The scope of this project is to implement an audio encoder and decoder based on the principles of Part 3 of the MPEG-1 standard (ISO/IEC 11172-3) \cite{mpeg} in Python. In particular, Layer I and II of the three coding levels described is implemented, and Psychoacoustic Model 1 described in Annex D.
The Layer I audio coder is based on a subband coding approach, using a so-called polyphase filterbank, and scaling and quantizing blocks of subband samples individually. To determine the optimal distribution of coding bits available for each frame amongst the subbands, mask-to-noise ratios (MNR) are calculated for each subband and coding bits are spent in an iterative manner to the subband that will benefit most from an increase in quantization steps. Layer II is an extension that employs a number of mechanisms that are able to save coding bits in the overhead, leaving more bits available to code the signal samples, leading to lower distortion at equal rates.
The evaluation of the coder is performed on a chosen test music signal by measuring the code length, determining the distortion and calculating an entropy estimate to give indications of the potential usefulness of adding an entropy coder to the system.
To look at the results of some tests that were performed, evaluationScript.py and evaluationScriptLayerII.py offer the reproduction of the results presented in the reports, including rate-distoriton, spectral comparison and entropy estimate.

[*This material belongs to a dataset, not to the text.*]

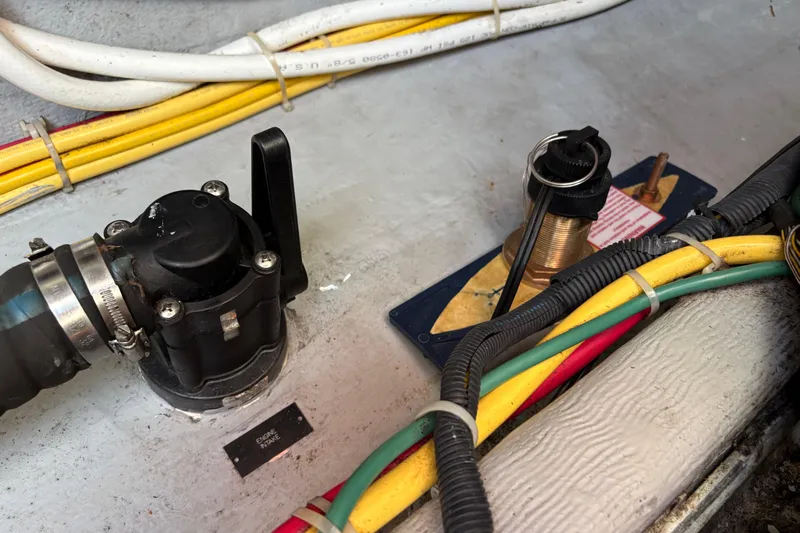 Intermission Yacht Photos Pics Engine compartment of 2006 Back Cove 29 with wiring and intake components.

The heart of the coder is implemented in mpegAudioFunctions.py
The psychoacoustic model is implemented in mpegAudioPsyAcMod.py
These can be tested with the mpegFullTest.py script. Within the script the bit rate can be altered and the test data and perceptual model can be chosen. In the current setting 10 seconds of "Tom's Diner" will be encoded with Layer I at 32 kbit/s using the SPL perceptual model with A-weighting.
The test script can be run with an IDE like Spyder or with a command line operation, provided Python is installed on your system. In the current directory, run the command
python mpegFullTest.py
You will recieve a command line output stating the running time of the different coding steps as well as SNR calculation and entropy estimate of the scale factors. Two WAV-files are generated for perceptual evaluation, test_source.wav and test_recons.wav. This way you can compare the source signal with the resonstructed signal.
Additional scripts include mpegFilterBankTest.py and quantizeCompare.py which are not relevant for testing the implementation in its current state.